Dataset extract

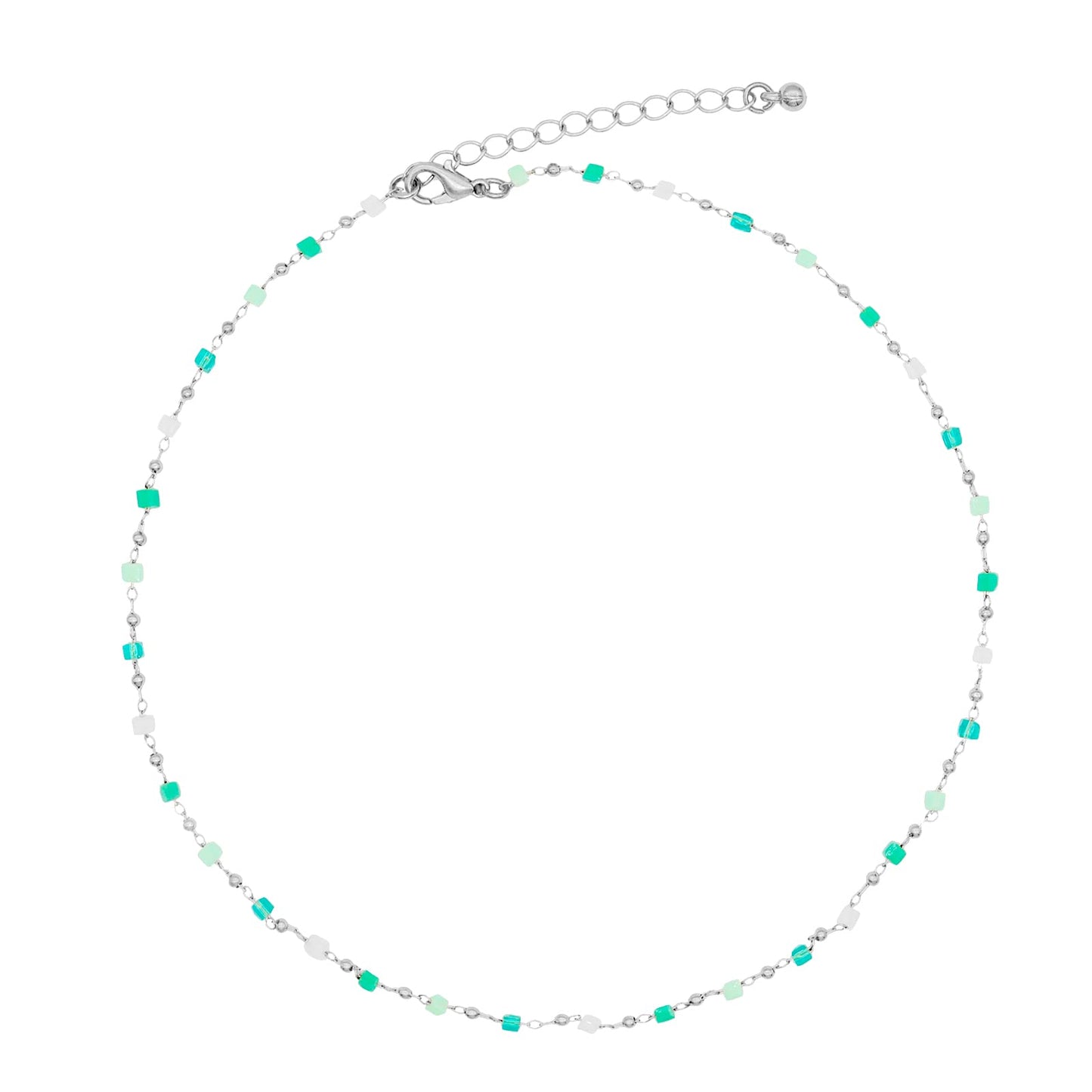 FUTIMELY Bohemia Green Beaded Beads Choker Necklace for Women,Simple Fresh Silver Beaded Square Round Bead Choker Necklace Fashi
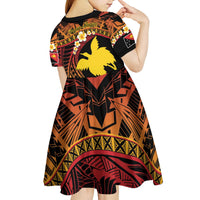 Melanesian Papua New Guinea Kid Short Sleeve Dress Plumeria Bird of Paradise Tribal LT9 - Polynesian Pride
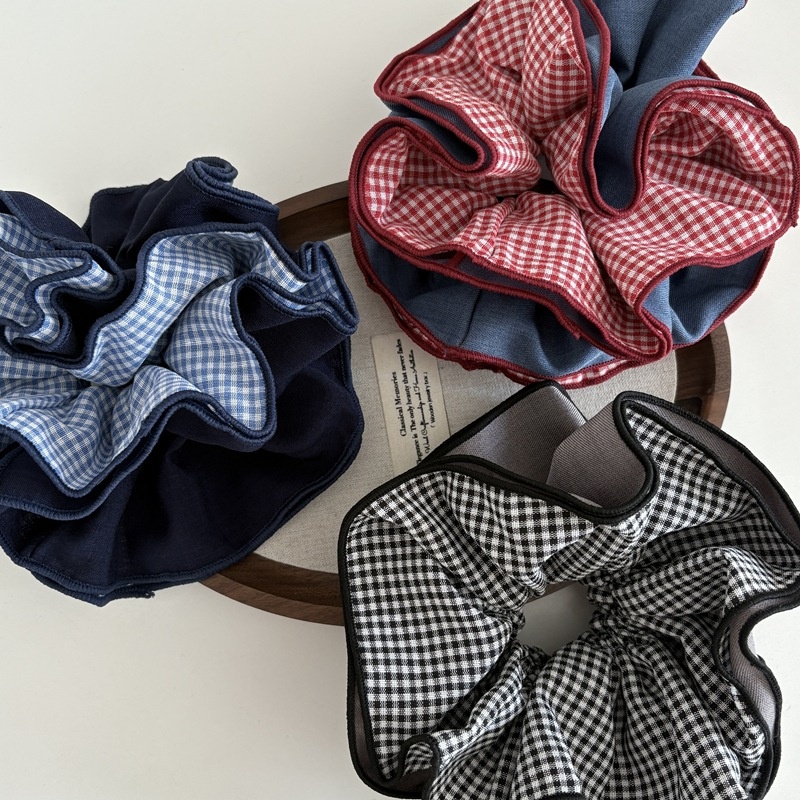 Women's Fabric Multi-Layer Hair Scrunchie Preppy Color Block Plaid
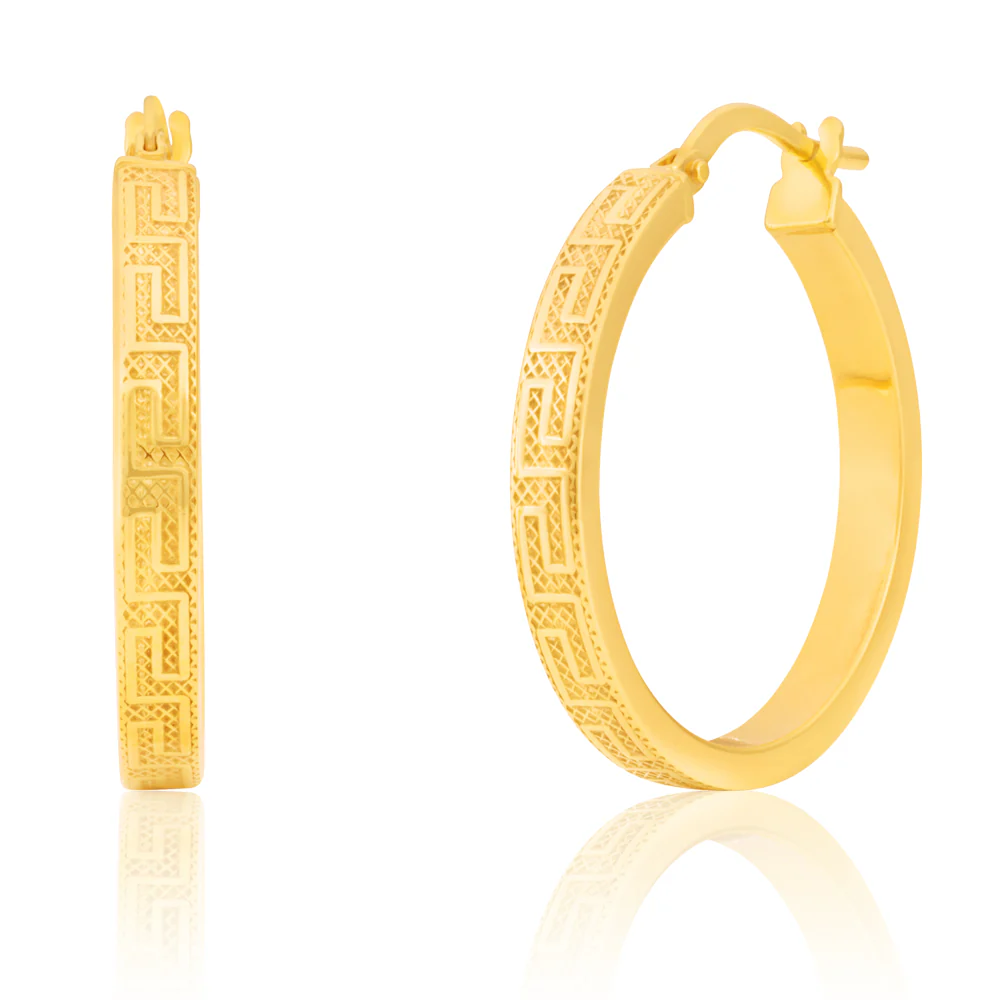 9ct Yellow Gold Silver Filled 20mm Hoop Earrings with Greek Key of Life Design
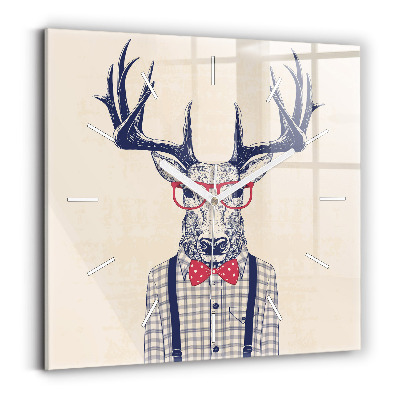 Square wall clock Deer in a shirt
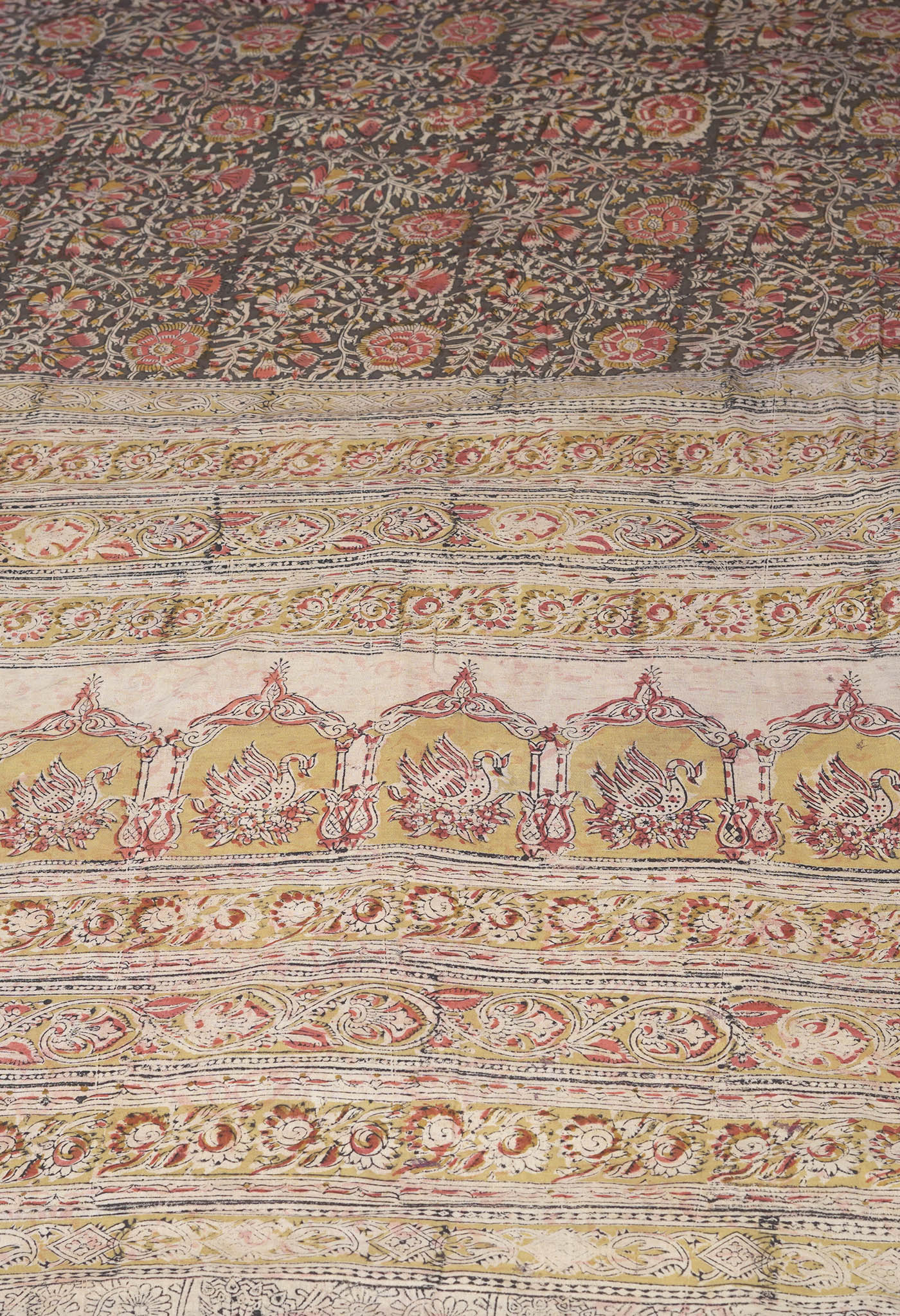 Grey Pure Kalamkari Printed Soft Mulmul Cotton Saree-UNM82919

The problem
Write out every entry above exactly, minus the pictures.

Task output
 FUTIMELY Bohemia Green Beaded Beads Choker Necklace for Women,Simple Fresh Silver Beaded Square Round Bead Choker Necklace Fashi
 Melanesian Papua New Guinea Kid Short Sleeve Dress Plumeria Bird of Paradise Tribal LT9 - Polynesian Pride
 Women's Fabric Multi-Layer Hair Scrunchie Preppy Color Block Plaid
 9ct Yellow Gold Silver Filled 20mm Hoop Earrings with Greek Key of Life Design
 Square wall clock Deer in a shirt
 Grey Pure Kalamkari Printed Soft Mulmul Cotton Saree-UNM82919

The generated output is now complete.